**TRY IT**
What you return must be the full data, repeated verbatim, with no pictures in it.

───── DATASET EXTRACT ─────

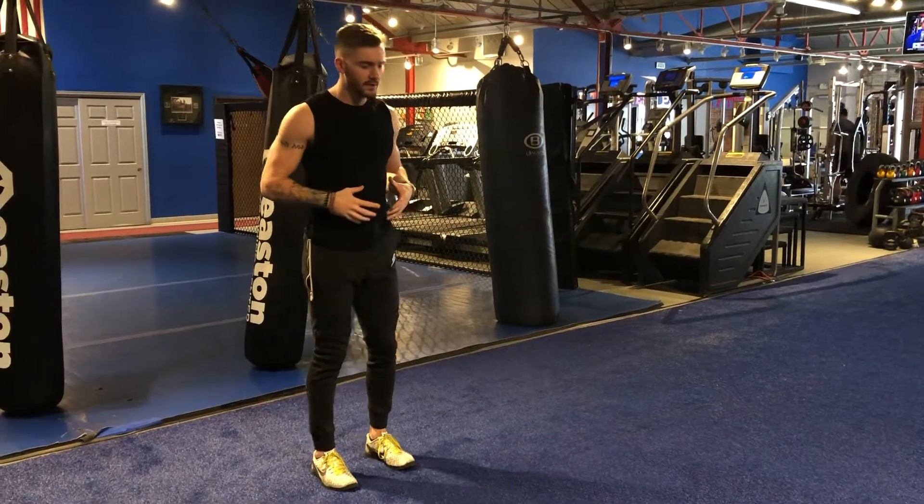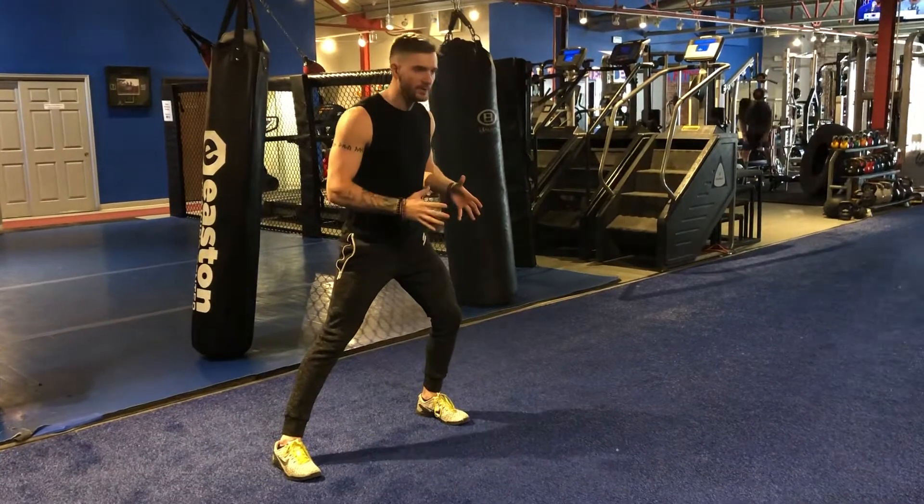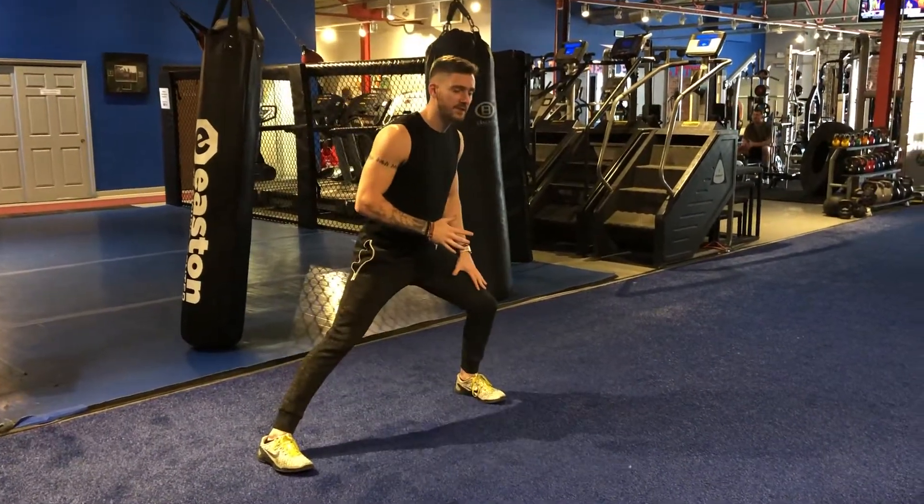Lateral lunge here, body weighted. All I'm doing is making sure when I step out — small step out — I don't want to step so far that I can't get my knee stacked over my foot.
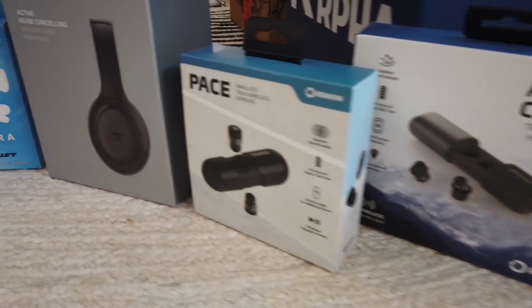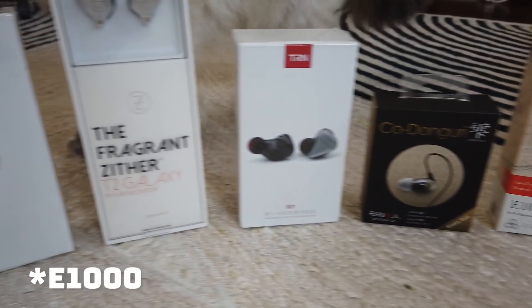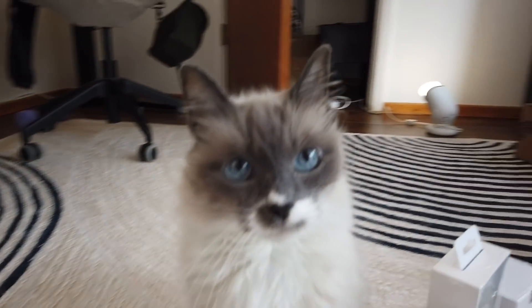I've got the TRN-IM1, I've got the TFZ Galaxy T2s, I've got the Moondrop Crescent, I've got a pair of Final E3000s, I've got the VE Monk, I've got the End Time Sora, I've got the Kодонгори Shizuku, as well as the Mi Audio M6 Pro second generation.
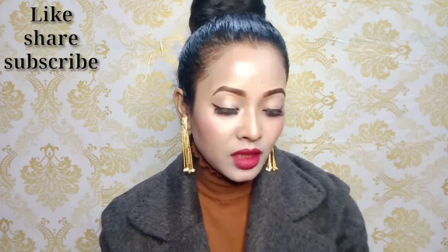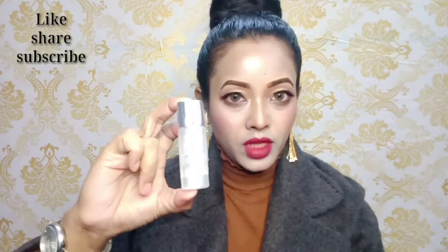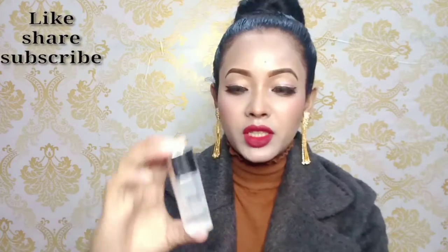Hello everyone, welcome back to my channel. I hope you all are doing well. Today I am going to give you a product review after using it for 6 months — I purchased it myself. It is L'Oréal Paris Revitalift Crystal Micro Essence. This bottle is a little small and it is 22ml, and its bottle is very cute, as you can see.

─────

**RESULT OF THIS TASK**
Lateral lunge here, body weighted. All I'm doing is making sure when I step out — small step out — I don't want to step so far that I can't get my knee stacked over my foot.
I've got the TRN-IM1, I've got the TFZ Galaxy T2s, I've got the Moondrop Crescent, I've got a pair of Final E3000s, I've got the VE Monk, I've got the End Time Sora, I've got the Kодонгори Shizuku, as well as the Mi Audio M6 Pro second generation.
Hello everyone, welcome back to my channel. I hope you all are doing well. Today I am going to give you a product review after using it for 6 months — I purchased it myself. It is L'Oréal Paris Revitalift Crystal Micro Essence. This bottle is a little small and it is 22ml, and its bottle is very cute, as you can see.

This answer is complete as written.